═══ Data below ═══

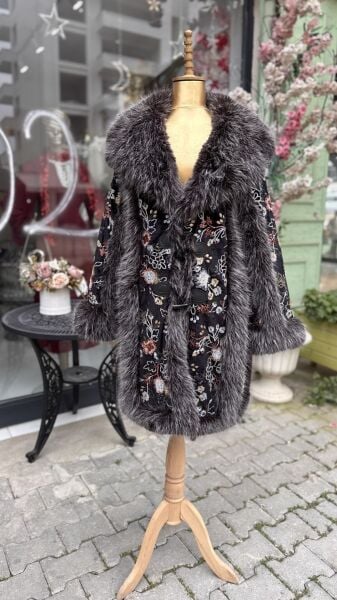 Şehrazat Butik Çiçek Tasarımlı Kırçıllı Kürk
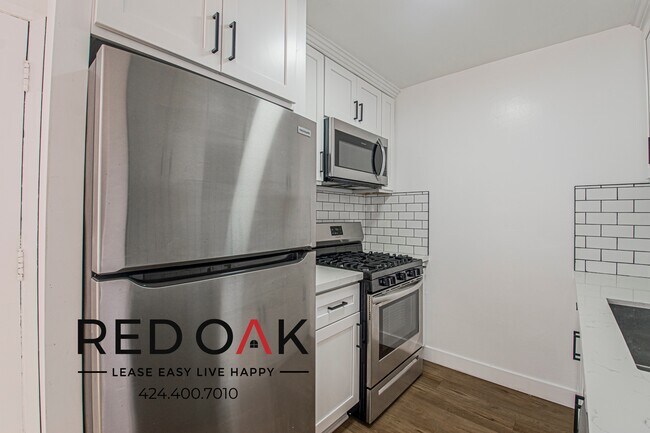 Foto del edificio - 3066 W 15th St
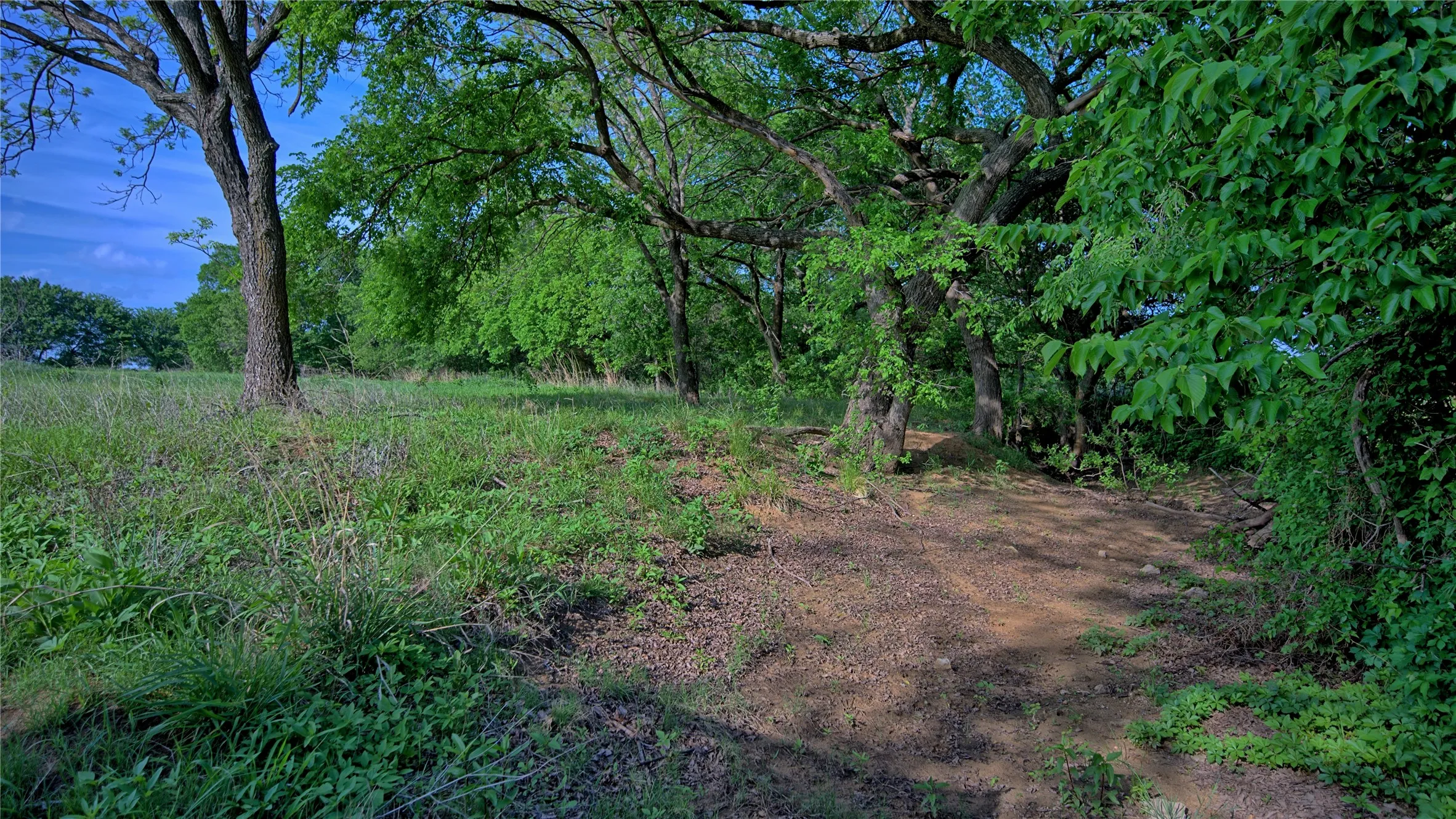 Single Family Residence For Sale in Montague County , 802 Fm 2634, Nocona, Texas 76255, 2 Bedroom, 2 Bathroom, 3 Garage spaces, 1,032 Sqft, built in 2017, Preowned, mls#21129407, Real Estate Agent in Nocona, Homes For Sale in Montague county, Homes For Sale in Nocona, Realtor in Nocona Texas, Real Estate Brokerage Independent Realty Texas, Luminita Cordes Realtor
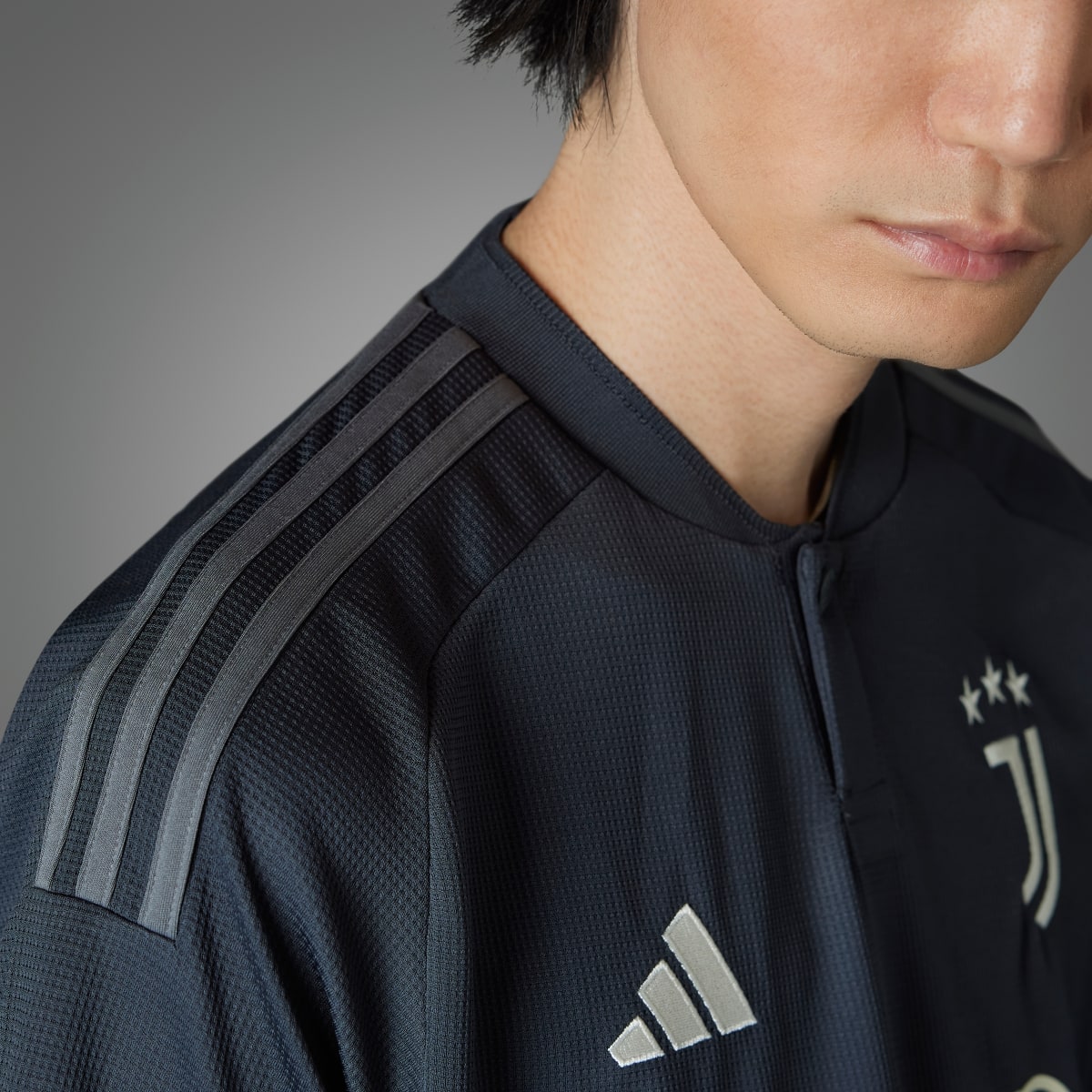 Adidas Jersey Tercer Uniforme Juventus 23/24. 4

═══

Could you reproduce exactly the lines from the first line of the listing through the line containing "Foto del edificio - 3066 W 15th St", both included, with pictures left out?

 Şehrazat Butik Çiçek Tasarımlı Kırçıllı Kürk
 Foto del edificio - 3066 W 15th St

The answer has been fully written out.